The Securities and Exchange Board of India (Sebi) plans to bring about sweeping changes in the manner the commodity derivatives market functions in the country. The stock market regulator is planning to allow the launch of options contracts apart from allowing institutional entities like banks and foreign investors to trade in certain commodities to begin with.
The newly-formed commodity advisory committee is scheduled to meet to discuss these issues, which are part of the agenda structured by the capital market watchdog. Sebi whole-time member Rajeev Kumar Agarwal will head the meeting.

According to sources, while Sebi wants to allow the launch of options contracts in commodities, it wants to restrict such contracts to commodities that are traded significantly.
The meeting comes a week after finance minister Arun Jaitley announced in the Budget that Sebi would work towards allowing new products in the commodity derivatives market.

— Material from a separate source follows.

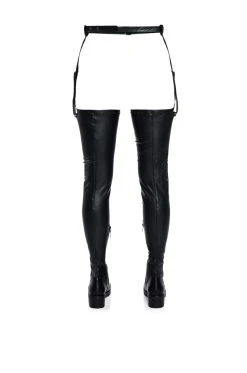 AZALEA WANG SMITTEN OVER YOU DETACHABLE BELT THIGH HIGH FLAT BOOT WITH 4 WAY STRETCH -Azalea Wang store azalea wang smitten over you detachable belt thigh high flat boot with 4 way stretch black pu 4 4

The regulator believes that banks should also be allowed to trade in the commodity market. Sebi feels that since banks deal in physical gold on a daily basis, they should be allowed to hedge their exposure in the derivatives market. Banks could bring further depth in the segment that could lead to greater corporate hedging as well, according to the regulator.
Since banks are primarily regulated by the Reserve Bank of India (RBI), Sebi will take up the issue with the central bank. Sebi also wants mutual funds to be allowed in the commodity market.
“Sebi knows that mutual funds already have exchange-traded funds that invest in gold and so have direct exposure to the gold prices. Hence, Sebi feels that mutual funds should be allowed in specific commodities with specific regulation,” said a person familiar with Sebi’s view.
Apart from banks and mutual funds, Sebi is in favour of allowing non-resident Indians (NRIs) to invest in commodity derivatives segment, but wants such entities to be initially restricted to non-agricultural commodities.
Sebi is also concerned about the issues regarding spot polling on agricultural commodities and wants to enhance the transparency in the procedures before new products and entities are allowed to participate in the segment.
Sebi is also mulling allowing pension funds and foreign portfolio investors (FPIs) – a long standing demand of the industry – but wants to allow them with certain restrictions in the initial phase in non-agriculture contracts.
“Say, for taking exposure beyond the permissible limits, FPIs will have to prove their exposure in the underlying commodity,” said a source requesting anonymity as a final decision has not yet been taken on the matter.